In the cross-burning case, they're debating now whether three white men were wrongly prosecuted, in two separate cases, for lighting crosses during a Klan rally and in the yard of a black family.
The Virginia Supreme Court overturned the convictions of the men, ruling the burnings were symbolic speech.
The state court relied on the U.S. Supreme Court decision, R.A.V. v. City of St. Paul, a decade ago in another cross-burning case. The Supreme Court struck down a city hate-crimes ordinance in St. Paul, Minn., that criminalized cross-burning aimed at frightening or angering others "on the basis of race, color, creed or gender." Virginia's law prohibits the activity when done to intimidate a person or group.

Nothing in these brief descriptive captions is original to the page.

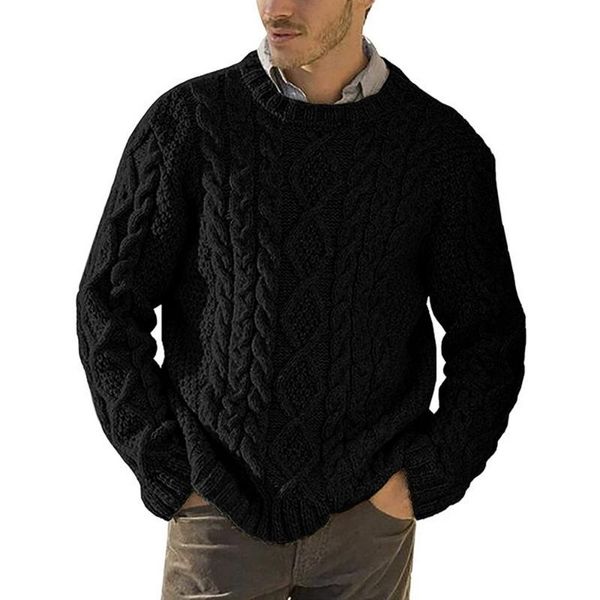 men's sweaters puimentiua vintage knitted sweater men clothing winter thick pullover men's harajuku business clothes male solid, White;black
men's sweaters puimentiua vintage knitted sweater men clothing winter thick pullover men's harajuku business clothes male solid, White;black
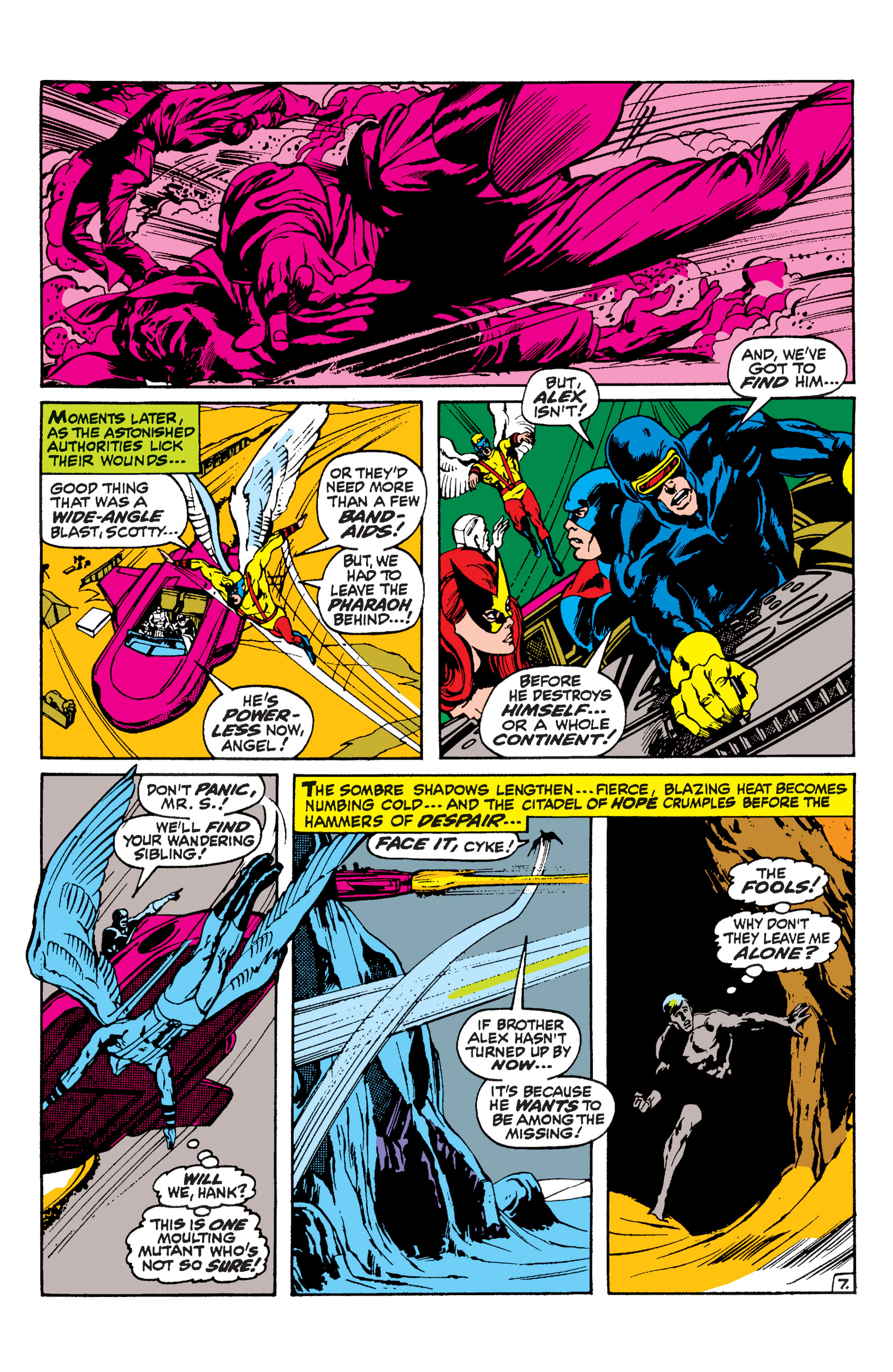 Read online Uncanny X-Men (1963) comic -  Issue #57 - 8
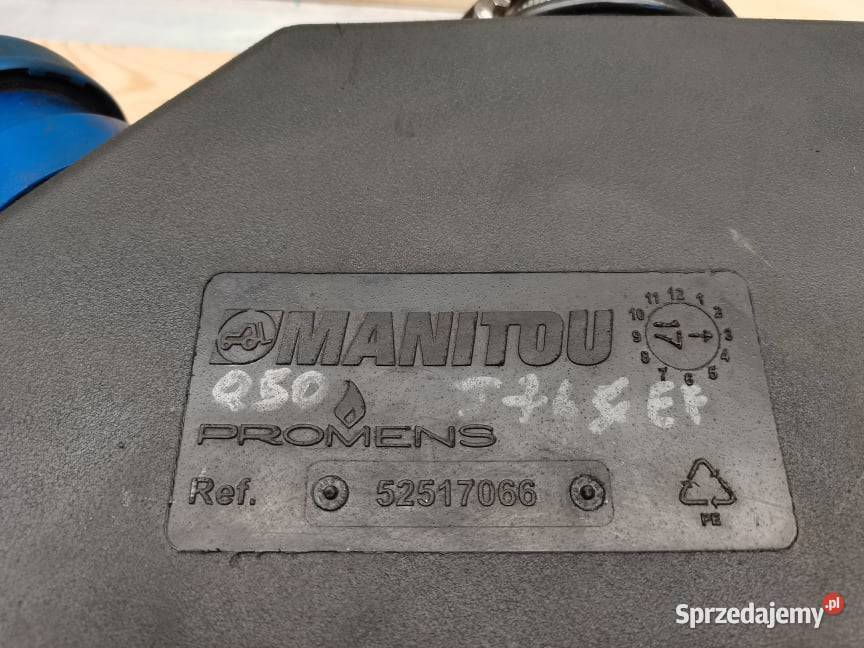 Zbiornik Adblue Manitou MLT 737 Wilkowo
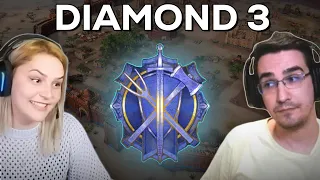 Whamen got Diamond III, almost Conq1! - Coaching Whamen to Conqueror in AOE4 #6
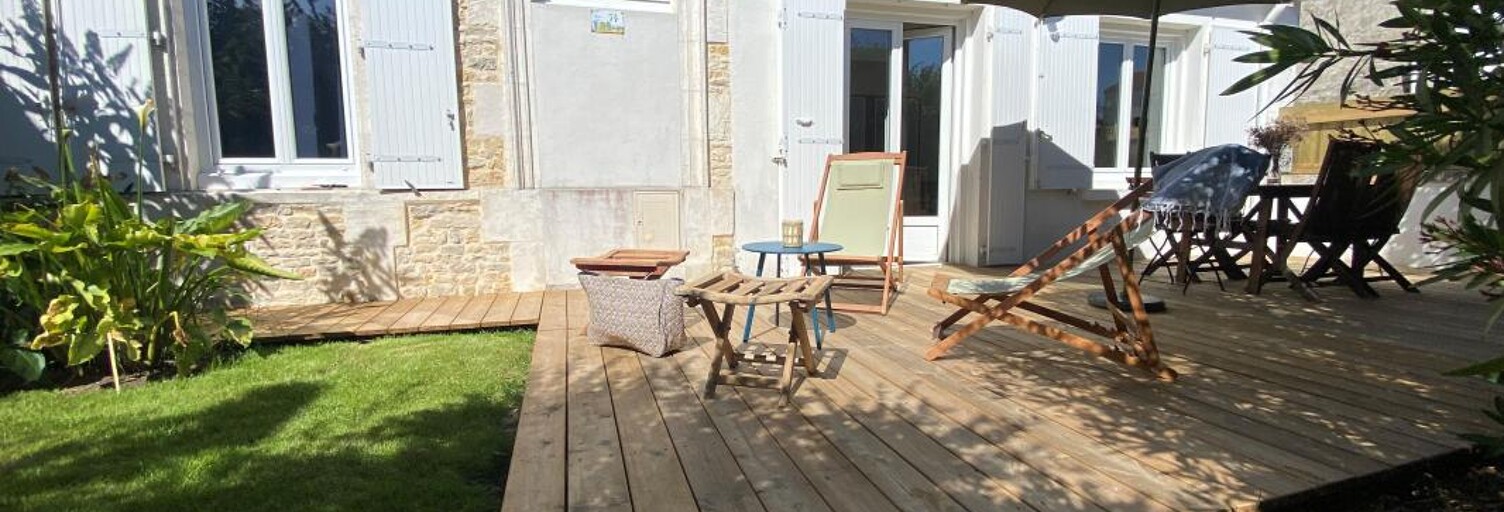 Maison 4 Pièces 97 m² à vendre à Saint-Georges-d'Oléron (17190)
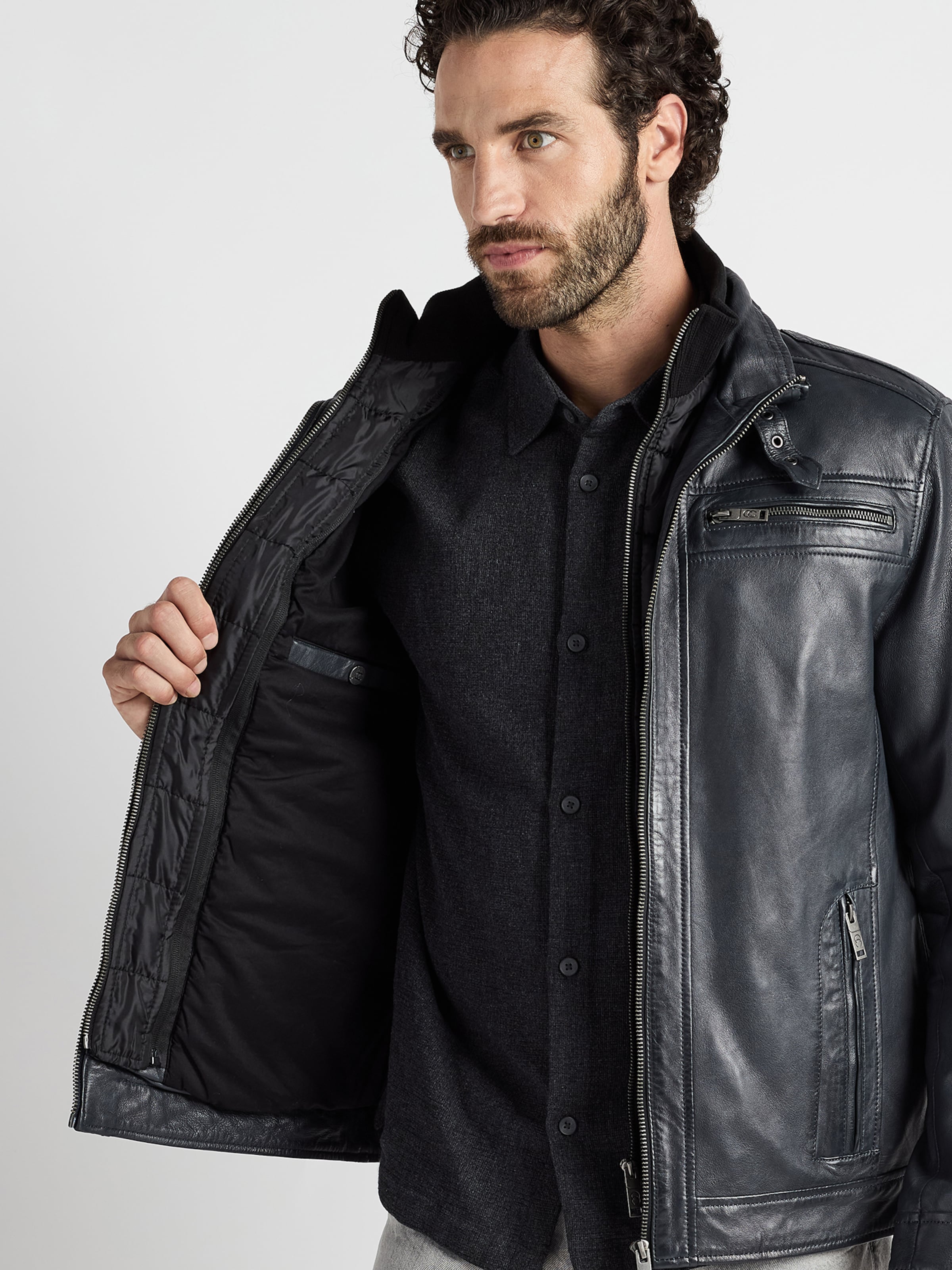 JCC Tussenjas in Blauw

Several justices, however, questioned whether in Virginia people can be punished for burning crosses if there is not a clear intent to intimidate.
The Virginia law applies to cross-burning on public or private land. The Virginia court said general laws against vandalism, assault, and trespass could be used to prosecute those who seek to terrorize others, according to the Christian Science Monitor.
More than a dozen states have cross-burning laws. A ruling against Virginia could block many of them.
The arguments come four years after two white neighbors in Virginia Beach, Va., tried to burn a 4-foot cross in the yard of James Jubilee, who is black. Jubilee later moved his family out of the neighborhood.
In the other case, a Pennsylvania man was convicted of burning a 30-foot cross on private land in rural southern Virginia during a 1998 Klan rally.
Virginia Solicitor William H. Hurd said the Klan rally was held after whites became angry about mixed-race couples, and that they talked at the rally about killing blacks. He pointed at the large courtroom columns, to compare the size of the cross that was set on fire.
Justice John Paul Stevens asked if the state was only prosecuting cross-burnings because they are obnoxious speech. Hurd said such speech is allowed, but that threatening speech should be barred.
The Bush administration, siding with Virginia, argued in court filings that cross-burning "has a particularly strong association with acts of vigilantism and violence."
Virginia has passed a new version of the law intended to get around free-speech concerns. The new law makes it a crime to burn anything, including a cross, as a threatening symbol.
The case is Virginia v. Black, 01-1107.